--- START ---

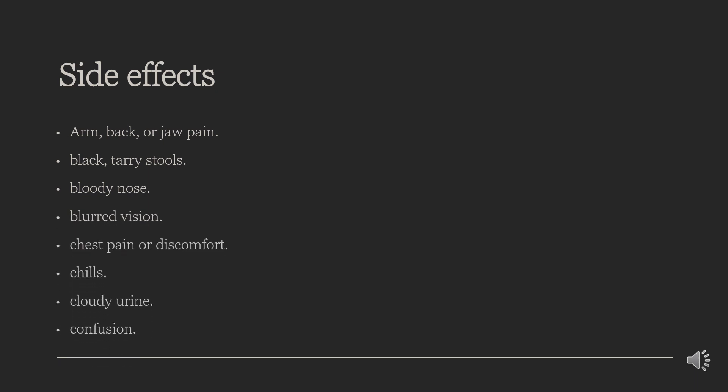Side effects. Febuxostat use can result in arm, back, or jaw pain; black, tarry stools; bloody nose; blurred vision; chest pain or discomfort; chills; cloudy urine; and confusion.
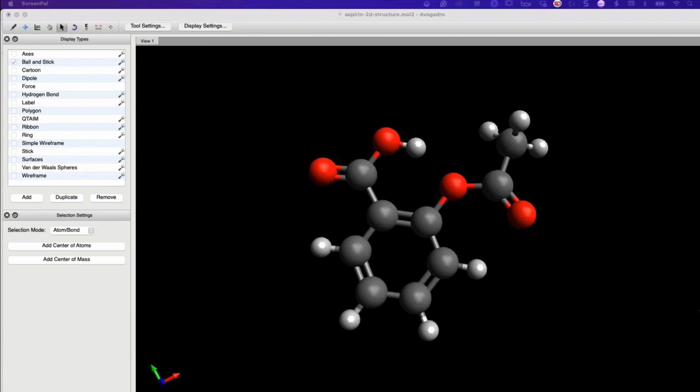And that's a quick overview of how to use Avogadro for drawing and optimizing drug structures. We have covered the interface, drawing simple molecules, importing complex molecules, and optimizing their structures.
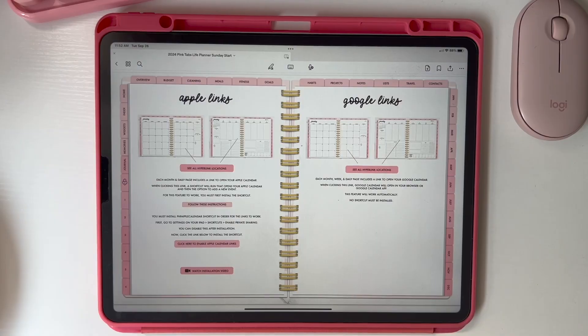Hey there, my name is Lindsay from Paper Arts Planner Code and I am super excited to show you guys how to use the Apple Calendar and the Google Calendar links included in the new Paper Arts Planners. These links are in the undated Paper Arts Planners plus all the 2024 Paper Arts Planners. So if you're ready to learn how to use these hyperlinks, let me show you.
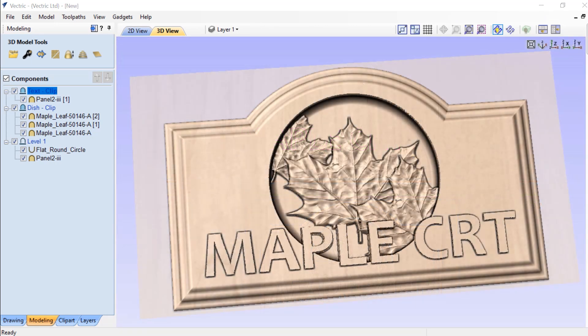In these few examples, we've only scratched the surface of how you can use Level Clipping to expand the possibilities of your 3D Clipart library.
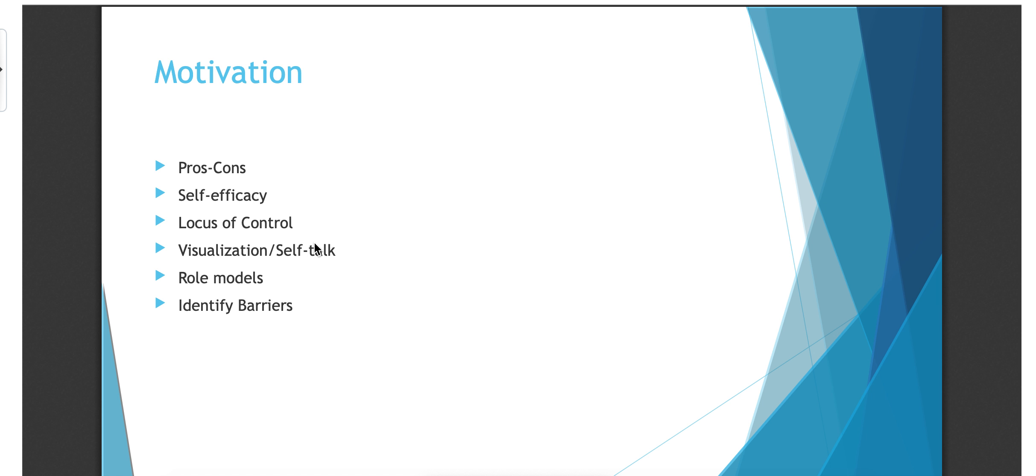Well, that self-efficacy is very telling in the fact that if they don't feel like they have control over it, they're probably not going to be successful at changing that behavior. It's hard. If they feel like they have control, they're much more likely to do that.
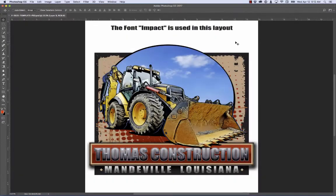Let's take a look at our new Photoshop template files — what they are, what they contain, and how you can go about changing them to build something that you need.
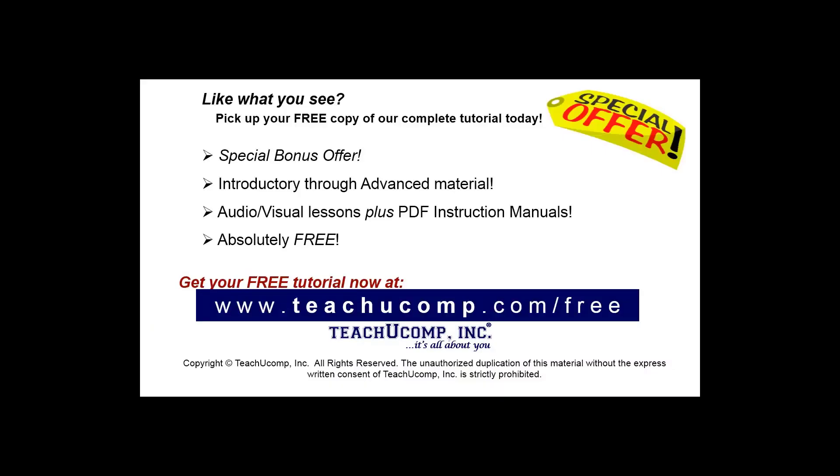Like what you see? Pick up your free copy of the complete tutorial at www.teachucomp.com/free.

--- END ---

◆ YOUR INSTRUCTIONS ◆
Nothing but the lines from the one containing "Let's take a" through the end of the listing should be printed, each exactly as it appears and without pictures.

◆ FINISHED TASK ◆
Let's take a look at our new Photoshop template files — what they are, what they contain, and how you can go about changing them to build something that you need.
Like what you see? Pick up your free copy of the complete tutorial at www.teachucomp.com/free.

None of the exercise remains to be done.